When he found out that there was a well-known bird migration point a short drive from his home, he couldn't keep away. Thanks to an encouraging mom, he didn't have to.
The staff at Braddock Bay Observatory told the boy that he might be able to band birds with them when he was a teenager.
"Little did they know I'd be hanging out there every day," Mr. Lanzone said, laughing. "So I actually started banding birds at a very young age."
That training led to ornithology jobs as an adult. He's counted some of the 5 million to 7 million hawks that migrate in the fall from the United States to Veracruz, Mexico, worked with a kind of shore bird called a red knot in a telemetry project in New Jersey, studied spotted owls in Mexico.
"I am entirely self-taught," Mr. Lanzone said. He eventually took a job at Penn State and began working on an undergraduate degree, with the intent of continuing into a Ph.D. program.
He still had a few credits to earn for his bachelor's when he was asked to contribute to a six-volume photographic series about North American birds. Then, he was offered a job at Powdermill, where he's been for more than two years..
Mr. Lanzone was at a meeting when Kenneth Rosenberg, director of conservation science at the Cornell ornithology lab, asked if he'd be interested in a project in Arkansas. The professor refused to divulge details until they could speak privately.
But Mr. Lanzone's wife, who is also a birder, put the clues together and guessed that the project involved ivory-billed woodpeckers.
"It hadn't been made public," Dr. Rosenberg explained. "We were looking for top-notch birders and field people to go down and help, and I thought he was appropriate for that."
So in March 2005, Mr. Lanzone took to the bayous of eastern Arkansas with a flock of other skilled birders.

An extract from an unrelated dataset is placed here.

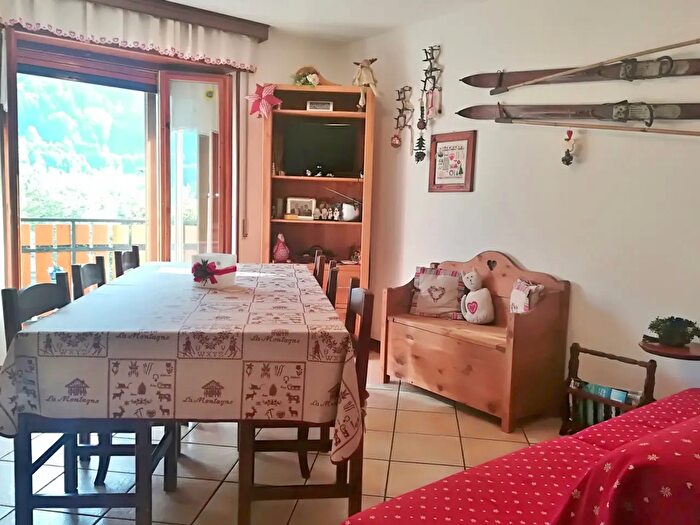 Appartamento quadrilocale in affitto in Via del Mont Blanc, Morgex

The search area focused on a portion of a 500,000-acre site, but as Dr. Rosenberg put it, even then "you're just a dot in the landscape."
Mr. Lanzone and his search partner suspect that they heard the ivory-billed woodpecker several times,. The bird's nasal call is likened to that of a toy trumpet; it's also called the "kent" call, because it sounds like the bird is repeating that word.
"I'm an exceptional birder by ear, and I'm very rarely stumped in North America by a bird sound," he said. "I had never heard anything like that before."
It was near that spot the next day that Mr. Lanzone glimpsed the elusive ivory-billed woodpecker. After videotaping the log that it might have rested on, and pulling from it a grub indented by the bird's efforts to extract it, he reported it to the field team leader. He then called his wife with the news.
"At that point it hit me, and I started to cry," he said. "I had tears for hours."
Mr. Lanzone's sighting and others didn't meet the strict criteria the scientists had set for inclusion in the research paper.
"He might be positive in his own mind and his own heart," Dr. Rosenberg said. "We're not saying he didn't see it."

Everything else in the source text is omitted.